**PROBLEM:**
When the line containing "NWT JOA Los Angeles Dress Med." appears in the data below, begin copying there and stop only after the line containing "2075 E 24th Pl, Yuma, AZ 85365".

**DATA EXCERPTS:**
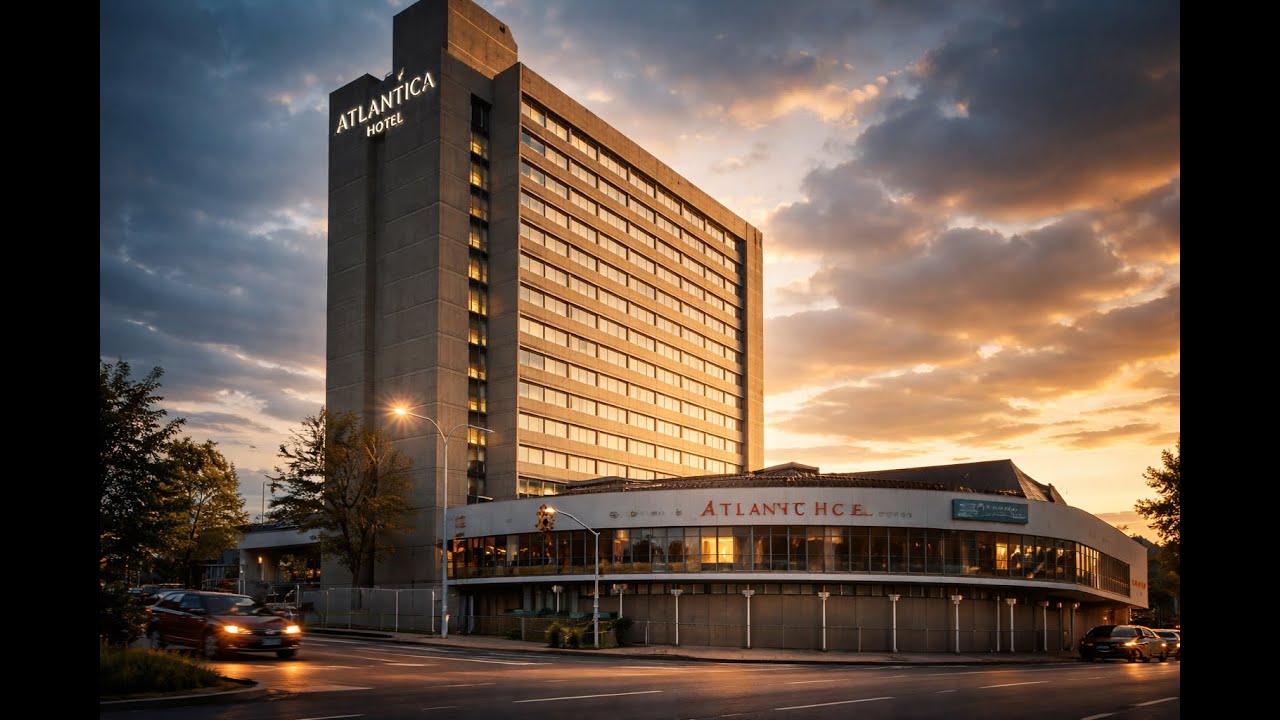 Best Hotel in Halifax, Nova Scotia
--
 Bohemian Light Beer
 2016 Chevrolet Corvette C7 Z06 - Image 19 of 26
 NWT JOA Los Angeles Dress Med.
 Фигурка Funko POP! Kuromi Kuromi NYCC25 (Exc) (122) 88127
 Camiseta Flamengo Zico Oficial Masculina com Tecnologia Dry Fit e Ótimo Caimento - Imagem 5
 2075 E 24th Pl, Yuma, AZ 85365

**RESULT OF THIS TASK:**
 NWT JOA Los Angeles Dress Med.
 Фигурка Funko POP! Kuromi Kuromi NYCC25 (Exc) (122) 88127
 Camiseta Flamengo Zico Oficial Masculina com Tecnologia Dry Fit e Ótimo Caimento - Imagem 5
 2075 E 24th Pl, Yuma, AZ 85365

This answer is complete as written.